Partial Sum

Functions & Advanced Algebra

A partial sum is the sum of a finite number of terms from the beginning of a sequence, used to study infinite series.

Formula

S_n = \sum_{k=1}^{n} a_k

Definition

A partial sum is the sum of just the first few terms of a sequence, not the entire infinite sequence. You stop after n terms.

Example

For $1, 1/2, 1/4, 1/8, \ldots$: $S_1 = 1$, $S_2 = 1.5$, $S_3 = 1.75$, $S_4 = 1.875$. Each partial sum adds one more term. They keep getting closer to $2$.

Key Insight

Partial sums are how we make sense of adding infinitely many numbers. We watch what happens as we add more and more terms. If the partial sums approach a fixed number, the infinite series converges to that number.

Definition

The $n$-th partial sum of a series is $S_n = a_1 + a_2 + \ldots + a_n = \sum_{k=1}^{n} a_k$. An infinite series converges if the sequence of partial sums $\{S_n\}$ has a limit $L$: then $\sum_{k=1}^{\infty} a_k = L$.

Example

Geometric series $\sum 2^{-k}$ from $k=1$: $S_1 = 0.5$, $S_2 = 0.75$, $S_3 = 0.875$, $\ldots$, $S_n = 1 - (1/2)^n$. As $n \to \infty$, $S_n \to 1$. So the infinite sum equals $1$.

Key Insight

The distinction between a series (an expression indicating addition) and its partial sums (the actual numerical values) is subtle but crucial.
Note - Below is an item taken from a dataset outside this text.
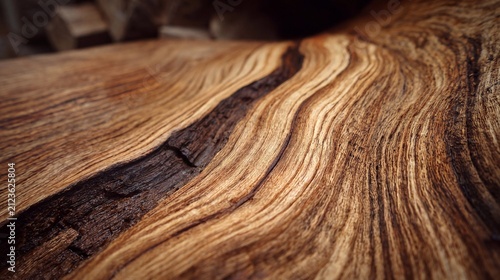 Madera natural tallada con vetas sinuosas y profundas hendiduras, textura rústica, orgánica y cálida en un acabado artesanal perfecto para decoración, diseño. Carpintería, carpintero vetas naturales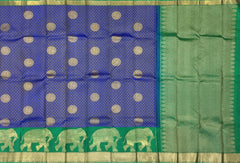 Green Kanchipuram Silk Saree with Annam Bhutta and Elephant Motif Border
A series is shorthand; its value is defined as the limit of partial sums.

Definition

Given a series $\sum a_n$, the sequence of partial sums $\{S_n\}$ is defined by $S_n = \sum_{k=1}^{n} a_k$. The series converges iff $\{S_n\}$ is a convergent sequence in the underlying topological space. The Cauchy criterion for series: $\sum a_n$ converges iff for all $\epsilon > 0$, there exists $N$ such that $|S_m - S_n| < \epsilon$ for all $m, n > N$.

Example

The harmonic series $\sum 1/n$ diverges despite $a_n \to 0$: the partial sums grow without bound ($S_{2^n} > 1 + n/2$ by grouping). This shows that $a_n \to 0$ is necessary but not sufficient for convergence.

Key Insight

Studying partial sums as a sequence in a complete metric space (Banach space) gives the framework for absolute convergence, conditional convergence, and various convergence tests (comparison, ratio, root, integral).